No, don’t worry: it’s not AI related 😆.
The world’s most popular web browser now includes a memory saver. It was enabled by default on my systems, but there is a toggle to turn it off, should you want to.
So what does it it?
To quote the feature blurb on the (also new) Performance tabs in Chrome’s settings:
“When on, Chrome frees up memory from inactive tabs. This gives activate tabs and other apps more computer resources and keeps Chrome fast. Your inactive tabs automatically become active again when you go back to them.”
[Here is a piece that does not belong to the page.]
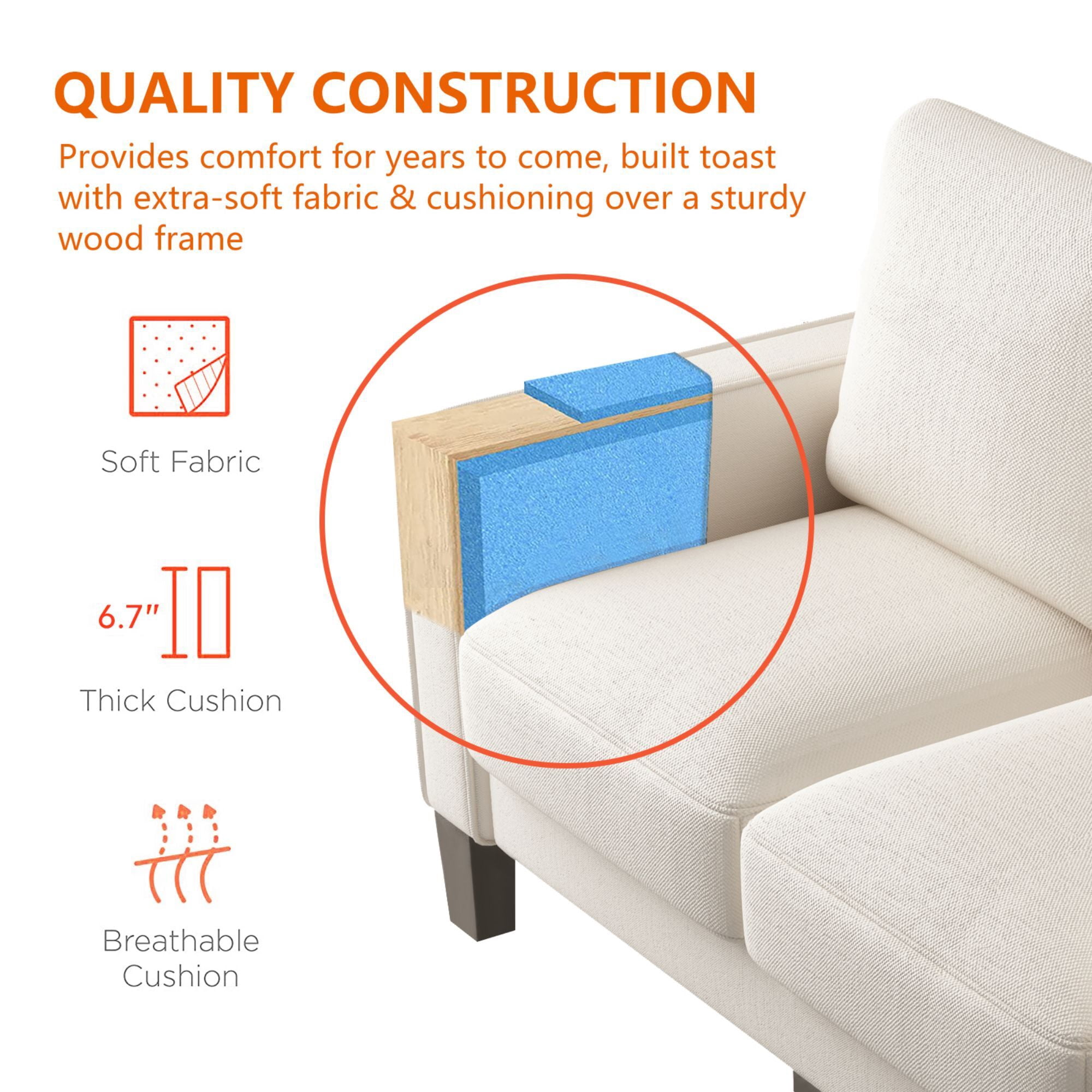DEALTOPS 53'' Modern Loveseat Sofa, Fabric Couch with Square Arms for Living Room, Beige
Now, if the feature sounds familiar it’s because Google actually announced it last year. However, it’s only just begun rolling out to users of Google Chrome’s stable channel (and if you don’t know what the stable channel is I can guarantee that you’re probably using it).
You don’t need be an excessive tab-hoarder to benefit, which is nice. I only ever have about 6 tabs open at any one time but some, like Gmail, can squat on sizeable amounts of memory over time.
Sometimes though, you’re okay with that.
Google has that covered. You can add quickly add websites to an allow-list in Chrome. This will stop them from being unloaded in the background.
Chrome users on Windows and macOS also get another performance-focused feature that reduces power consumption on laptops once the battery percentage dips below 20%. Sadly, that feature isn’t enabled in Linux builds — at least not yet.
Get Google Chrome 110
If you already use Google Chrome on Linux you likely have this update already. If so, you can activate Memory Saver via the
Chrome Menu > More Tools > Performance.
If you don’t have this update yet, go run a software update check. Chances are it’s available from your distro’s usual update avenues.
If not, you can download Chrome for Linux from Google, or get it unofficially from places like Flathub, the AUR, etc.